Confirmation Bias

Humans have cognitive biases that can affect our judgments. One of these cognitive biases is the confirmation bias. Because of the confirmation bias, we tend to seek the information confirming our preexisting beliefs.

Confirmation bias is a fact of life, and all humans have it. Confirmation bias can result in different subjective opinion from a different subject. A characteristic of any pseudoscience —like the concept of flat-Earth— is that they don’t try to minimize the confirmation bias, but they actually encourage it.

It is not hard to see a lot of this going on in the community of flat-Earth victims.

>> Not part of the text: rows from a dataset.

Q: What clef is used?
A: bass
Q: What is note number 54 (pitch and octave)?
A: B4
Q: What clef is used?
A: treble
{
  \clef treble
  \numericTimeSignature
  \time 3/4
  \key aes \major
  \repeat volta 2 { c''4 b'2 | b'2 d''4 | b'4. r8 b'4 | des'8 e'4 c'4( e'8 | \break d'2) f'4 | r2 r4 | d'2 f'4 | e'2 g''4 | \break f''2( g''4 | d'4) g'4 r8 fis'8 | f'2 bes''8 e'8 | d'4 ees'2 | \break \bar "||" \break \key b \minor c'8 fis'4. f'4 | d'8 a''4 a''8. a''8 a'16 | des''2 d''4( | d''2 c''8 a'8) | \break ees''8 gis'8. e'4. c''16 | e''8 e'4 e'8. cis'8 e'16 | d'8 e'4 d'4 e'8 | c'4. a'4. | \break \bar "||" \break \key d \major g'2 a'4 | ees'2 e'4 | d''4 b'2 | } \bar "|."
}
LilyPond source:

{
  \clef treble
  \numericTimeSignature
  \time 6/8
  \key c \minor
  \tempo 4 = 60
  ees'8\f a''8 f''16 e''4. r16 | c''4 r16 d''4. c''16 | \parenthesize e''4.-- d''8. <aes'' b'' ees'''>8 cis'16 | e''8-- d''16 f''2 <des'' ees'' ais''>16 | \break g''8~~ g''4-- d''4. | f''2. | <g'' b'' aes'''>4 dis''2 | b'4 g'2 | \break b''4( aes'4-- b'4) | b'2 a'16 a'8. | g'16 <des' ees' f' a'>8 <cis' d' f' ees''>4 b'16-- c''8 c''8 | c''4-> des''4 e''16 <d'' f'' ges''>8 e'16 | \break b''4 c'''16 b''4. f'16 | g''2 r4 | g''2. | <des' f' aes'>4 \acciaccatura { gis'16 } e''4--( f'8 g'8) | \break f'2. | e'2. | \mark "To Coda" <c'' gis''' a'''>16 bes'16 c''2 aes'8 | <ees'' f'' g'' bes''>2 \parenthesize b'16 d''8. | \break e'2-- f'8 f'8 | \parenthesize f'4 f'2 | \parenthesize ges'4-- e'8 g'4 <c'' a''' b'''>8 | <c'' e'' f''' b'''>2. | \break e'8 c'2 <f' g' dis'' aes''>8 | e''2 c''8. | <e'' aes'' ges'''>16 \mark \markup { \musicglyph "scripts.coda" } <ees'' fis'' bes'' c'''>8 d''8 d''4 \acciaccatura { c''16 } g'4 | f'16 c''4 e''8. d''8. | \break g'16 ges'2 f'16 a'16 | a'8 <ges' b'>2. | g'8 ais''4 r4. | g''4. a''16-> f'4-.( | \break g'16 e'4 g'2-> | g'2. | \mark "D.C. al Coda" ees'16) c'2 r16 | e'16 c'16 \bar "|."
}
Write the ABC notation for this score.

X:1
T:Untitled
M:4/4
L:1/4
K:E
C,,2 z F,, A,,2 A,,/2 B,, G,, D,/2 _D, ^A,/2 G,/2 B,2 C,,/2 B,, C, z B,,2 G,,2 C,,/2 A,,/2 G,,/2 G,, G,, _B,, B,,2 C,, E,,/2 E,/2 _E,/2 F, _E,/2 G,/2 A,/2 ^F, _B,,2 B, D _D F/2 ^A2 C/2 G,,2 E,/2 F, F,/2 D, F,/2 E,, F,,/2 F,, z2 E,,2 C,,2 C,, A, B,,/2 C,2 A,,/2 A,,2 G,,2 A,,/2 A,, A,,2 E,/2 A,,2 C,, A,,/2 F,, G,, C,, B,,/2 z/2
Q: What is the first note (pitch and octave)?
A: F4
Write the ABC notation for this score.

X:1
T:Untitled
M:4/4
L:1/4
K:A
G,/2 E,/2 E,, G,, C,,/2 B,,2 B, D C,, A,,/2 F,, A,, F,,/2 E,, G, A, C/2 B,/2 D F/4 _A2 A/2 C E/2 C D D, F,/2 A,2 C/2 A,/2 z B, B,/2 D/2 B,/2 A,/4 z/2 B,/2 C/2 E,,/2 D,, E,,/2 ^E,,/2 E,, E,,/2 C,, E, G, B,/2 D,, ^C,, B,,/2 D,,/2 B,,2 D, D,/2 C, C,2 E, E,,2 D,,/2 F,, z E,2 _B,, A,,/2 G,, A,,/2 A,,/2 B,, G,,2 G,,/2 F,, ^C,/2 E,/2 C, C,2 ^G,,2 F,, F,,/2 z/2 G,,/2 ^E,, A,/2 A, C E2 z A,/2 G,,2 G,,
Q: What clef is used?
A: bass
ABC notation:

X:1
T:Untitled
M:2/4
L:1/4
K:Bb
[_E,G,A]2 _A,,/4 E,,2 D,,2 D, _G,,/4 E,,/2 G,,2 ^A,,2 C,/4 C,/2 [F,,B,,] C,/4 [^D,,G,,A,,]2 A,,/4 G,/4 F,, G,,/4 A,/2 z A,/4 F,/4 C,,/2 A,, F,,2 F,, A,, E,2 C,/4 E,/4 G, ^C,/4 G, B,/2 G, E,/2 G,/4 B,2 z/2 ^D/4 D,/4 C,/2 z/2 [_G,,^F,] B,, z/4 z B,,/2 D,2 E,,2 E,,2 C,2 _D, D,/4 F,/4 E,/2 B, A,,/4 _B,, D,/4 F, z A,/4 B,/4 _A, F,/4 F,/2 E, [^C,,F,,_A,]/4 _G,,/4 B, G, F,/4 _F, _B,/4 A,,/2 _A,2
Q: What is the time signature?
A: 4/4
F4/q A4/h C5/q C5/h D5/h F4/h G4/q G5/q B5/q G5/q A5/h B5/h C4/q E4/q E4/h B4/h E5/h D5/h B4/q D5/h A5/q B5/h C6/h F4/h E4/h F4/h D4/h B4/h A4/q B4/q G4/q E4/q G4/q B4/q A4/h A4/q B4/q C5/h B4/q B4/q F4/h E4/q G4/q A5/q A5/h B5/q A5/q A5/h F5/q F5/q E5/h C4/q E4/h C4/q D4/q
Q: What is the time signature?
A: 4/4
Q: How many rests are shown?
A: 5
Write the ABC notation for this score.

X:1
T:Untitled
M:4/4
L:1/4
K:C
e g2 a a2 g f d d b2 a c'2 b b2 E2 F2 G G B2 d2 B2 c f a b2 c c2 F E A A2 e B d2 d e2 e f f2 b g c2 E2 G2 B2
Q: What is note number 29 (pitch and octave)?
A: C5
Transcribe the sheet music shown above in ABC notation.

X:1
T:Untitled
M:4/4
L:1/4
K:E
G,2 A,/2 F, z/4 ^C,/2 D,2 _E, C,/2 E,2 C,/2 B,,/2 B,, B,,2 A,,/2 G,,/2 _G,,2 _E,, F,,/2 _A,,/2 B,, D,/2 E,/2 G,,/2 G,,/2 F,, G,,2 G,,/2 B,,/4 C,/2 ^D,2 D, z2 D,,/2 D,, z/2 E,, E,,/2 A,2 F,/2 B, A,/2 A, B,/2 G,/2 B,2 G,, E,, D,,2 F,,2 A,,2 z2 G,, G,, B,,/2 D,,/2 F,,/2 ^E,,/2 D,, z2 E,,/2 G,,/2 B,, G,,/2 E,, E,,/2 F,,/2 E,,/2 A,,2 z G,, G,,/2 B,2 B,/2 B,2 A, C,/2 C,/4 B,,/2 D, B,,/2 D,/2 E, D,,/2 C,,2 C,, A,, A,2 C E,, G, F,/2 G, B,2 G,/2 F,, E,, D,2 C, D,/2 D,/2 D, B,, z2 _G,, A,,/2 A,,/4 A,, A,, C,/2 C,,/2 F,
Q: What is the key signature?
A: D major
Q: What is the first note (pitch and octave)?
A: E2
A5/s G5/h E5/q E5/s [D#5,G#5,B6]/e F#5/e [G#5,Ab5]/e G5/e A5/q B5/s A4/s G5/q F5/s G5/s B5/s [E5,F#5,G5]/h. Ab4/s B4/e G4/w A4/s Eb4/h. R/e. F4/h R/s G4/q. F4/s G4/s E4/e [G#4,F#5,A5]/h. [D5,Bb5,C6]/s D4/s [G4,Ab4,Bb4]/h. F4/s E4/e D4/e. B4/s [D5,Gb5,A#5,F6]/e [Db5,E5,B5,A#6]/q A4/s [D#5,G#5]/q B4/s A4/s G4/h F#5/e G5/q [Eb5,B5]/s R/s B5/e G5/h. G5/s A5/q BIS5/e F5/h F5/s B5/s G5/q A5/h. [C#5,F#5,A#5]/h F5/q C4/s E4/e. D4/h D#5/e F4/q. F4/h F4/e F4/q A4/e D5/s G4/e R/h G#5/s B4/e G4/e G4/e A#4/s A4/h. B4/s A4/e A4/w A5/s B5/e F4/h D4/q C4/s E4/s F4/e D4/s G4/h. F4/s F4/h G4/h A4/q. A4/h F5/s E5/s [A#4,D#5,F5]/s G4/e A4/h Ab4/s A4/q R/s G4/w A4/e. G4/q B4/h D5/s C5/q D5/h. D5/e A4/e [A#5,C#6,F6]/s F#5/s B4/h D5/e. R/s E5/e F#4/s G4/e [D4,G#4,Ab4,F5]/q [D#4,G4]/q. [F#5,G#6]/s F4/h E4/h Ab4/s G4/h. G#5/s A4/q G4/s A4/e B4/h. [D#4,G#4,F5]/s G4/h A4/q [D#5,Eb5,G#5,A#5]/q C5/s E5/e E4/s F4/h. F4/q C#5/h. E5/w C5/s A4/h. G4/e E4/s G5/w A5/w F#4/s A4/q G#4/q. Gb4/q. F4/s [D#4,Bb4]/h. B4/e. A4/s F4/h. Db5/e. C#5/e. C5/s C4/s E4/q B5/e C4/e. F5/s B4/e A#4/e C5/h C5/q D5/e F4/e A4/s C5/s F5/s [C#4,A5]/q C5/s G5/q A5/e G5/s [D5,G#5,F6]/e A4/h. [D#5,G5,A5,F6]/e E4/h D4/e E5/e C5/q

  • The ‘experiment’ of receding sun, done on a curved desk.
  • The crepuscular ray ‘experiment’, failing to account for the observer distance.
  • The solar eclipse ‘experiment’ using a directional flashlight, smaller than the Moon and Earth models, concluding that the shadow cannot be smaller than the Moon.
  • The observation of a sunset with autoexposure turned on, resulting in size changes of the sun depending on the zoom factor.

In those cases, they didn’t attempt to do an objective measurement, control the confounding variable, or retry the experiment using different parameters.

Maybe they did retry the experiment using different parameters, but only the experiments that confirm their biases are published.

The scientific method is designed, among other things, to minimize the cognitive biases, like the confirmation bias. An experiment that done without controlling these bias can never be accepted in science; because it might tell more about the persons who did the experiment, rather than the experiment itself.